Be interested in the replies as these are similar to my seats...


----------



## Mac- (Apr 9, 2019)

Nubuck is simply buffed leather, it's easily treated with 303 fabric guard and should stay clean, it responds well to a suede brush.


----------



## judyb (Sep 7, 2007)

It is highly unlikely to be Nubuck (leather) in a car unless it is a custom built. 
This will be a fabric (microfibre, Alcantara) and should be cleaned as a fabric.
Treating fabric as you would Nubuck or the other way round will do serious damage.
Hope this helps 
Judyb


----------



## Rappy (Oct 2, 2020)

judyb said:


> It is highly unlikely to be Nubuck (leather) in a car unless it is a custom built.
> This will be a fabric (microfibre, Alcantara) and should be cleaned as a fabric.
> Treating fabric as you would Nubuck or the other way round will do serious damage.
> Hope this helps
> Judyb


Agree 100% :thumb:


----------



## Coops (Apr 26, 2008)

I have the same in my V90 - leather and alcantara (i presume).

I protected with GTechniq I1.

Did the same on my Skoda Superb some years ago which had the same setup - they were still looking relatively new after 4 years.


----------



## Andyblue (Jun 20, 2017)

judyb said:


> It is highly unlikely to be Nubuck (leather) in a car unless it is a custom built.
> This will be a fabric (microfibre, Alcantara) and should be cleaned as a fabric.
> Treating fabric as you would Nubuck or the other way round will do serious damage.
> Hope this helps
> Judyb


Mines listed as Leather / Nubuck seats...

So presumably the OPs are too...


----------



## Steveo535 (Nov 26, 2016)

Andyblue said:


> Mines listed as Leather / Nubuck seats...
> 
> So presumably the OPs are too...


Thanks for all the replies

Yes mine is listed as the same.
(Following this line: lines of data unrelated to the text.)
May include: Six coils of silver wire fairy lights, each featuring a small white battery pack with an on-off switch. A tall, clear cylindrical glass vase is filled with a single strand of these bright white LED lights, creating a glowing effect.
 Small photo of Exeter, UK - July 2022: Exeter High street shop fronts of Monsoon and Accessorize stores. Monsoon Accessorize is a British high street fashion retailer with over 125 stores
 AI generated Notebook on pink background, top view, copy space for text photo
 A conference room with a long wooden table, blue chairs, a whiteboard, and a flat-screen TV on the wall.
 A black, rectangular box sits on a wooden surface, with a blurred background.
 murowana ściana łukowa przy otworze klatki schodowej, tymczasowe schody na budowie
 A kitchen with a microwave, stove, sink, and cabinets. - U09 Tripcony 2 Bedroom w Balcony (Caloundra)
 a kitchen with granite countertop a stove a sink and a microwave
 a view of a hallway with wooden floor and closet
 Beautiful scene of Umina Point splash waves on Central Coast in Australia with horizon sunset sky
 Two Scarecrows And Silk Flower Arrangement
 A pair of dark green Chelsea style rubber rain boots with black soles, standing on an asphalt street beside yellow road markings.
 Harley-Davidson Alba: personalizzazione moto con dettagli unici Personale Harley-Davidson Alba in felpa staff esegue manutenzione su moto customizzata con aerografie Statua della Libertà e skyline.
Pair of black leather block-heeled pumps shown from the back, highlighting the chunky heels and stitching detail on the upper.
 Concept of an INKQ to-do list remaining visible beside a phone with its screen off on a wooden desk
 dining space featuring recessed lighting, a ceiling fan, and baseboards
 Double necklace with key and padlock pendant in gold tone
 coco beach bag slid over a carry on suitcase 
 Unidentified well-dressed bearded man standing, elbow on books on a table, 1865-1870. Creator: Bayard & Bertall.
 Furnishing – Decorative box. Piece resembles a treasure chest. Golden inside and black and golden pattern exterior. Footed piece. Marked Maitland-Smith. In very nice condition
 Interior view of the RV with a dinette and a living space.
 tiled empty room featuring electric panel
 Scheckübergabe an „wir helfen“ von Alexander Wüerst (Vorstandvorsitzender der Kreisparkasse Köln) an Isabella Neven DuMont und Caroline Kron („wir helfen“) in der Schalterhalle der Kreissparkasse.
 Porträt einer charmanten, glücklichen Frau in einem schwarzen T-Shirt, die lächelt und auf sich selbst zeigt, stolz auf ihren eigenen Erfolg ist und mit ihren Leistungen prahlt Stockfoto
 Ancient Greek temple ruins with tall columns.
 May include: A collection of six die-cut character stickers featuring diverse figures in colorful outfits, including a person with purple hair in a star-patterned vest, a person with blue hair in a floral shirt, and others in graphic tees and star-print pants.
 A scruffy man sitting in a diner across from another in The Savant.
The Nubuck is listed as a textured material with Nappa leather on the outer panels.

Thanks again Steven


----------



## judyb (Sep 7, 2007)

Clearly a lot of manufacturers do not know what they are dealing with!!


----------



## ridders66 (May 24, 2019)

The only thing I use is Solclens, manufactured by Guardian Products. I've used it since 1985 and it has never let me down. It is a truly all purpose cleaner. Diluted accordingly it will clean blood, fat, grease, dirty engines, headlining, door cards, in fact it will clean every part of your car. It is amazing at dissolving fly remains from the front of your car. It is food safe so can even be used in the kitchen, it is a great oven cleaner when mixed stronger. It cleans upvc windows, it is great for cleaning stone flags too. It is the only thing I use through my Numatic upholstery cleaner. It has been used on some of the finest, most valuable cars every made without doing any damage. I have cleaned leather seats on Ferrari 250 SWBs, 275 GTBs, Aston DB4 GT Zagato interiors, Daytona seats, Enzo engines. Anything. And it is cheaper than any APC you will buy. It retails for around £17 + VAT for 5 litres and dilutes from between 10-1 to 100-1 so 5 litres will last you ages. 
Google Solclens Guardian Products, they are a family firm located in Barnoldswick, close to the Lancashire/Yorkshire border.


----------



## bluechimp (Dec 21, 2017)

judyb said:


> Clearly a lot of manufacturers do not know what they are dealing with!!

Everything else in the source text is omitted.